= International Agitation Commission of Carvers =

The International Agitation Commission of Carvers (Internationale Agitationskommission der Bildhauer) was a global union federation representing people involved in carving wood for the construction industry.

The first international conference of carvers was held on 5 June 1895 in Nuremberg. It was attended by representatives of unions from Germany, Austria, Hungary, Bohemia, the Netherlands, and Switzerland, while a French union sent a letter of support. The meeting resolves to campaign for a maximum eight-hour working day, for the abolition of piecework, and for each union to establish a fund to support industrial action. However, the unions decided against financially supporting each others' strike action, except in extreme circumstances.
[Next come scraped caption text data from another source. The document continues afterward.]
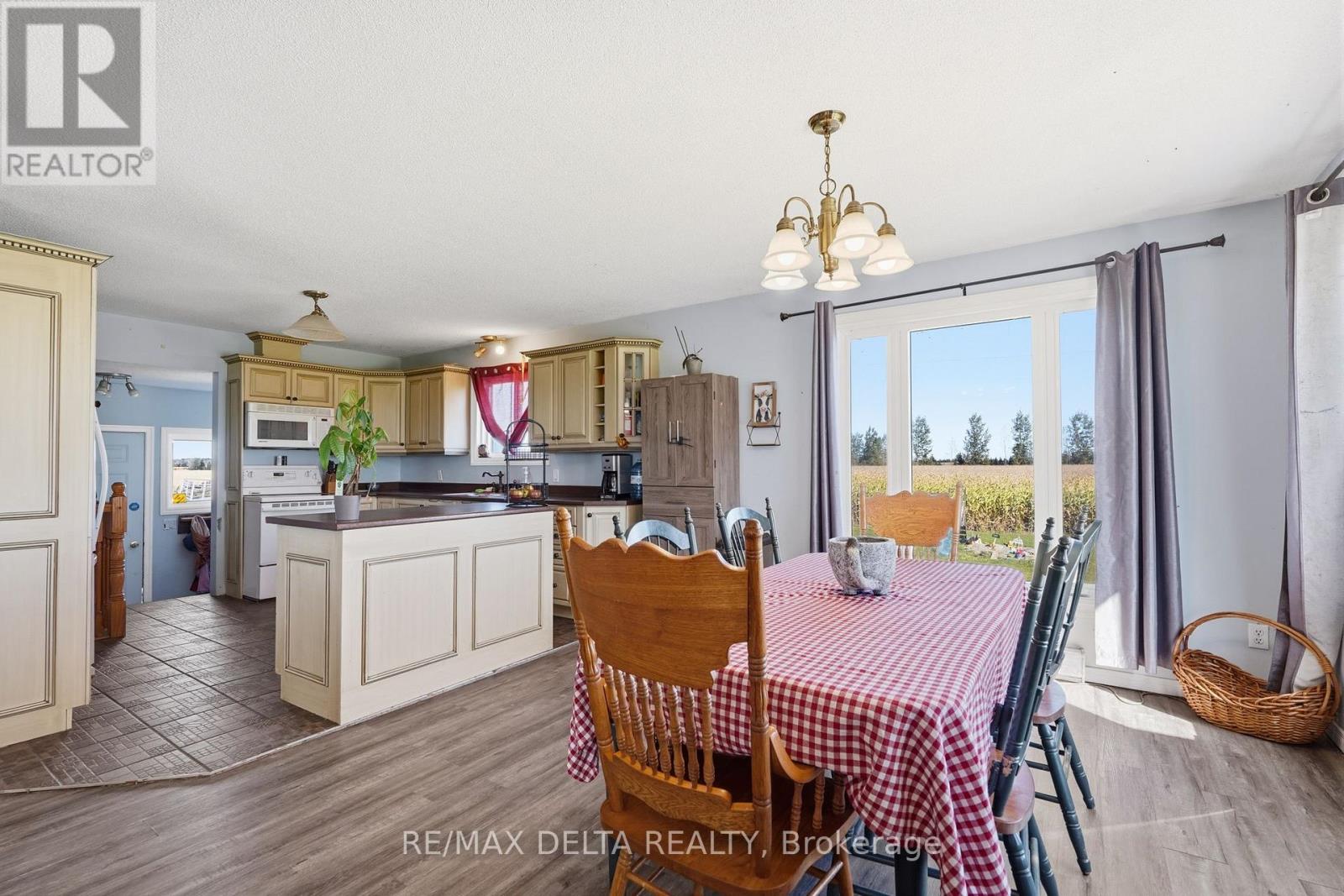 1148 COUNTY ROAD 15 ROAD - 20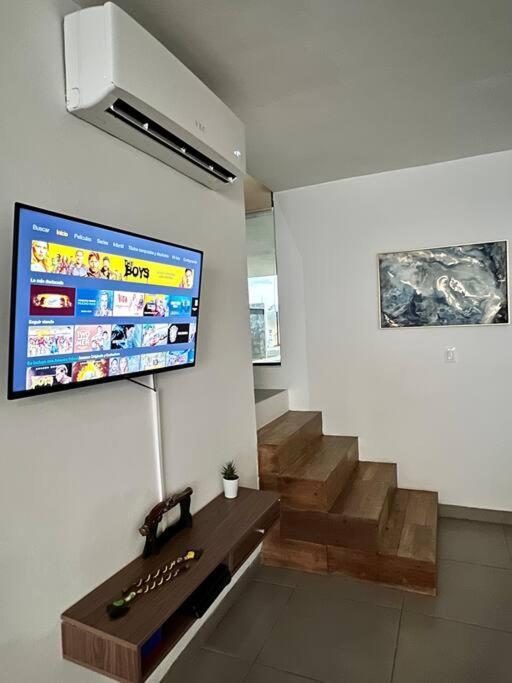 Residencia “Sac Uh” Βίλα Mérida Εξωτερικό φωτογραφία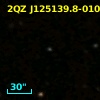 WD 1249-007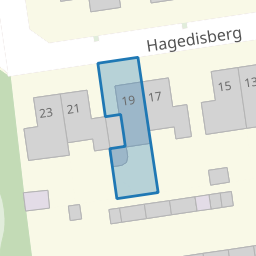 Perceel RSD00-N-1932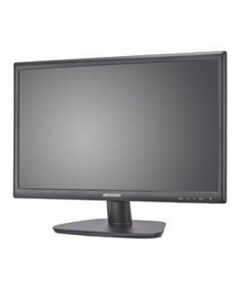 DS-D5024FC 23.6" LED монитор Hikvision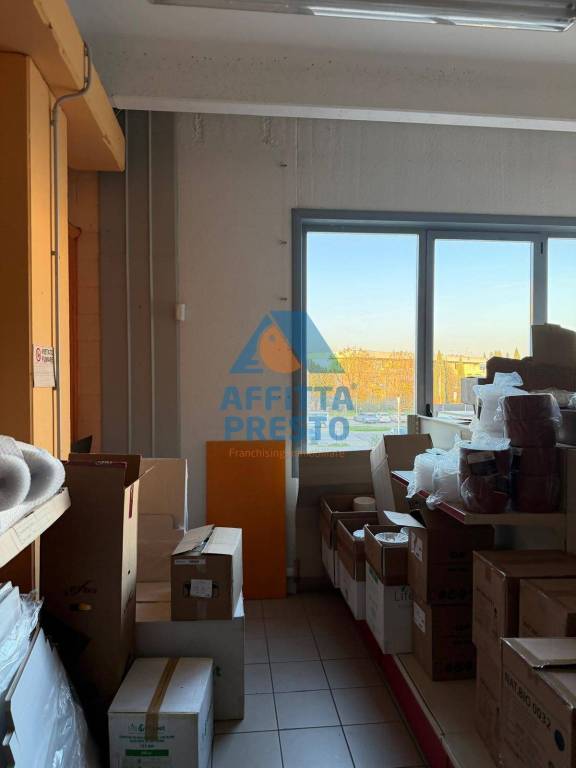 immagine annuncio 6 di 8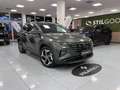 Hyundai TUCSON Tucson 1.6 T-GDI 48V Exellence Gris - thumbnail 3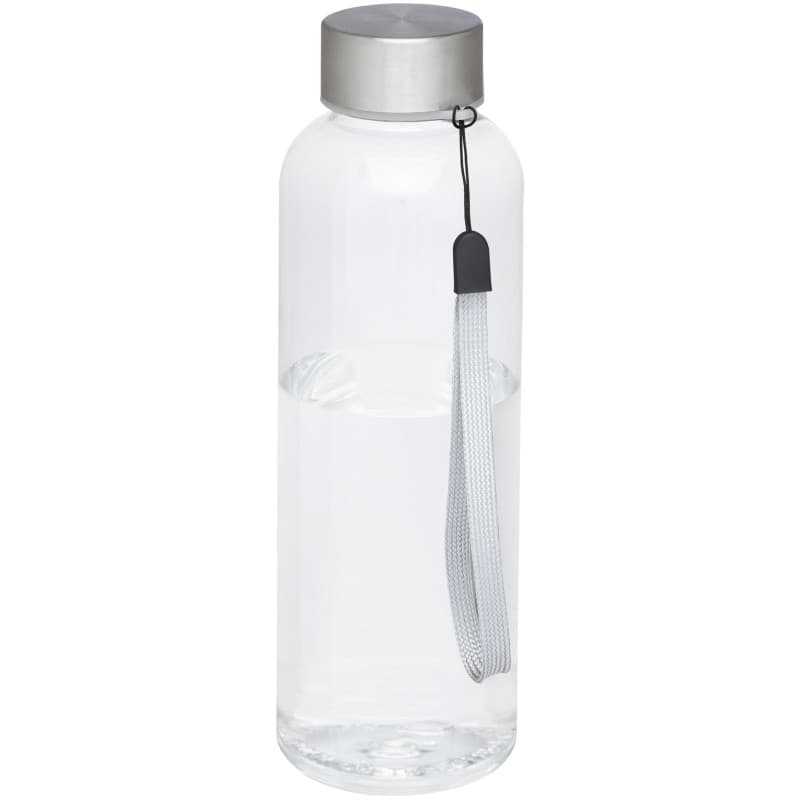 Sportflaska 500ml med Bärrem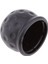 Towing Towball Kapağı Kapak 50MM 4 Adet (Yurt Dışından) 2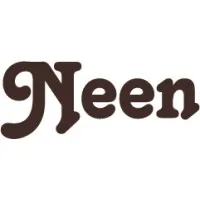 Neen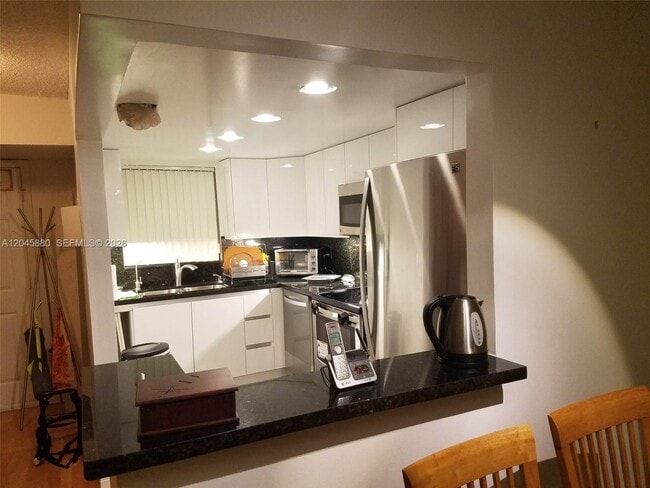 Photo - 9371 Fontainebleau Blvd Unit I208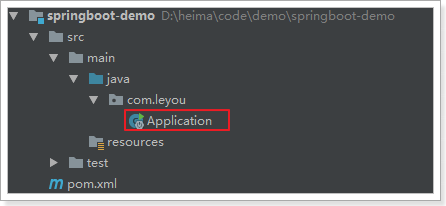 1525487293907 1525487293907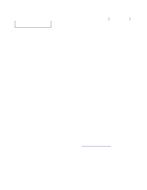 MIL MIL-DTL-28689C Notice 1 – Cancellation MIL MIL-DTL-28689C Notice 1 - Cancellation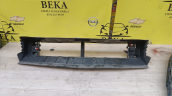 OPEL CROSSLAND ELEKTRİKLİ HAVA PERDESİ DAVLUMBAZI ÇIKMA ORJİNAL Y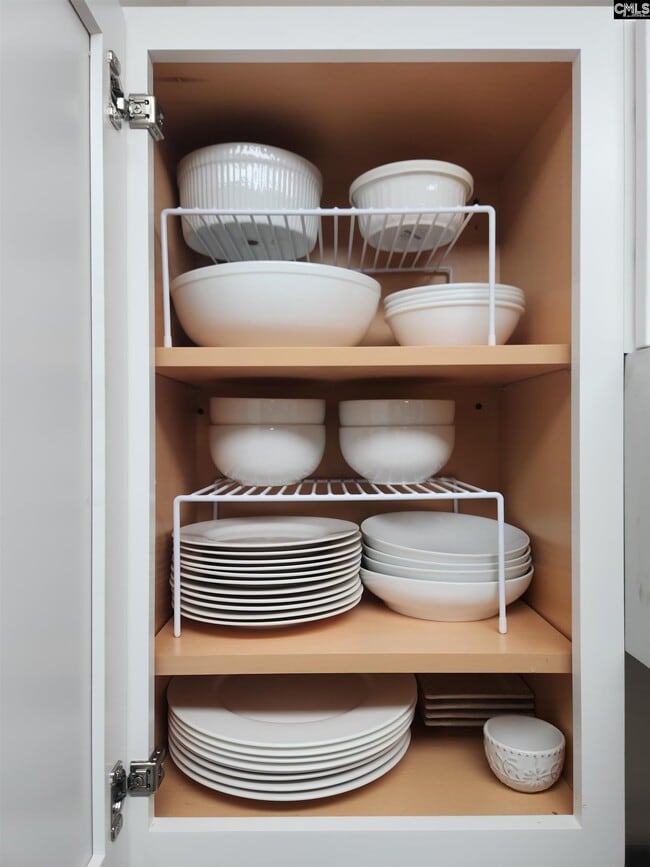 Building Photo - 900 Taylor St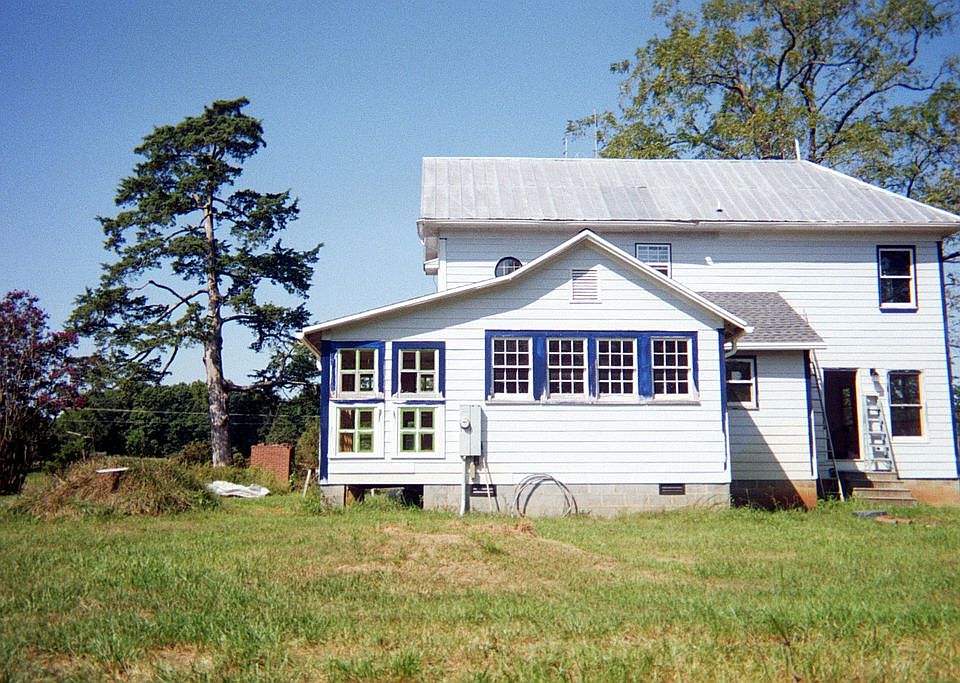 2nd image of 3703 Vander Oldham Rd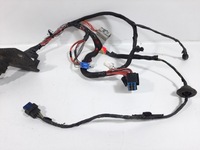 фото thumb №7, Dodge ram 1500 3.6 14r жгут дверь левый перед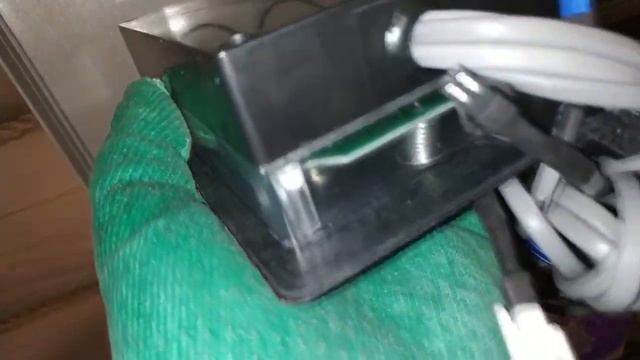 Сборка Sena 120 смотреть онлайн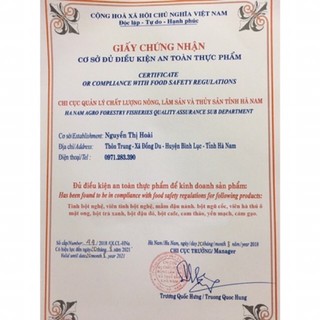 [GIÁ SỐC]100g Bột trái bơ nguyên chất handmade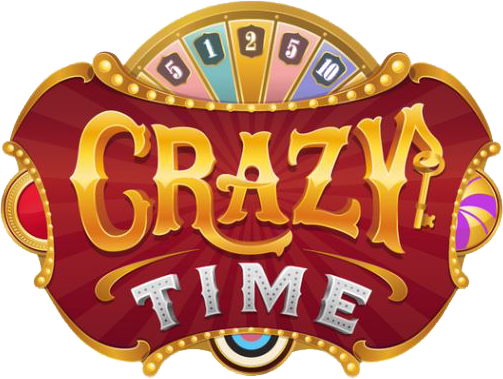 StatsCrazyTime.cl Logo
The Hungarian union proposed a system whereby representatives would be elected in each workplace, who would elect local committees, which in turn would elect national committees, who would select the members of a new international federation. This was voted down, as being too bureaucratic, and the proposal of the Central Union of Carvers of Germany was accepted, to have an international bureau it would host in Berlin, funded by correspondence commissions in each country, their fees in proportion to the number of members they represented.

An international commission was established, led by Paul Dupont. It was unable to achieve much, hampered in particular by low membership in Switzerland, and disagreements with the French union, which did not join. In 1919, the German union merged into the German Wood Workers' Union, and the international commission similarly merged into the International Federation of Woodworkers.